Vivere Casalecchio  >  Casalecchio nella storia  >  Salvemini 1990  >  La storia del Centro per le vittime di reato e calamità - ::: COMUNE DI CASALECCHIO DI RENO (BO):::

La storia del Centro per le Vittime di reato e di calamità

Il 12 Ottobre 2004, in occasione della preparazione dell'Anniversario della Salvemini, l'Assemblea dell'Associazione valuta l'opportunità di non disperdere l'esperienza accumulata per fronteggiare le conseguenze della strage e decide di approvare il progetto preliminare per l'apertura di un Centro per le vittime di reato e calamità. Il documento, che viene votato all'unanimità, rappresenta il frutto di un gruppo di lavoro che trae spunto da un progetto di fattibilità promosso precedentemente dal Comune di Casalecchio. In tale documento, a partire dalle motivazioni e dagli obiettivi da perseguire, si delinea uno schema operativo per uno sportello pubblico di ascolto e di aiuto.

Il lavoro dei mesi successivi è finalizzato al coinvolgimento e alla formazione dei volontari, nonché all'avvio degli accordi con i quattro Comuni interessati per giungere alla stesura della convenzione e al coordinamento operativo con i vari servizi pubblici coinvolti. In mancanza di esperienze analoghe cui fare riferimento (il Centro Sostegno alle Vittime di Reato di Milano, per esempio, risulta avere una struttura del tutto istituzionalizzata rispetto al livello volontario della nostra proposta) si ricorre ad un estenuante lavoro teorico in cui vengono contemplate tutte le possibili varianti.

Questa fase di lavoro trova una sintesi fondamentale nel 1° Convegno: "Dalla cultura ai servizi per la vittima" che si tiene a Casalecchio il 29 Gennaio 2005. E' l'occasione per approfondire la tematica sulla vittimologia, per presentare pubblicamente il progetto e per raccogliere la definitiva approvazione di Regione, Provincia, AUSL e Comuni alla proposta. Viene anche confermata l'indicazione della data di apertura del servizio per il successivo 2 maggio.

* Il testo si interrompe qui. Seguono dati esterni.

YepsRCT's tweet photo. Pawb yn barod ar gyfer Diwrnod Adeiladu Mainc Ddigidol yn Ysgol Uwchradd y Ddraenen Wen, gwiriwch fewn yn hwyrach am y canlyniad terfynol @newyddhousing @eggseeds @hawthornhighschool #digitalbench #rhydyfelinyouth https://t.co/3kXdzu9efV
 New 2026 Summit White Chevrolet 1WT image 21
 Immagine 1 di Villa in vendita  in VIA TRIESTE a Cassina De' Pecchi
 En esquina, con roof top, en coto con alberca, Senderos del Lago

Il Convegno viene articolato in due tavole rotonde che hanno, come punto di riferimento, due temi sostanziali:
1. Far crescere e sviluppare una vera e propria cultura della vittima, soggetto portatore di diritti certi e inalienabili nell'ambito di una riconosciuta tutela sociale.
2. Dare attuazione ad un'organica rete di servizi che, integrando le potenzialità del volontariato e delle istituzioni, sappia essere punto di riferimento per ogni vittima di reato e calamità.

L'importanza di questa sinergia è pienamente rispecchiata nell'elenco dei relatori, ricco di rappresentanti politici e tecnici delle maggiori istituzioni coinvolte, ma anche dei responsabili delle più significative Associazioni Nazionali di Vittime che da tanto tempo operano su queste' materie. D'altra parte, è chiaro che in questa occasione il punto di partenza non sono le "cause" che hanno determinato lo stato di vittima, ma le "conseguenze" che ogni vittima deve comunque sopportare.
In effetti, la preparazione del Convegno diventa anche l'occasione per una meticolosa ricognizione di tutta l'attività preliminare all'apertura del Centro e la ricerca del migliore equilibrio possibile tra l'aspetto volontario che caratterizza i promotori del progetto e i riferimenti istituzionali.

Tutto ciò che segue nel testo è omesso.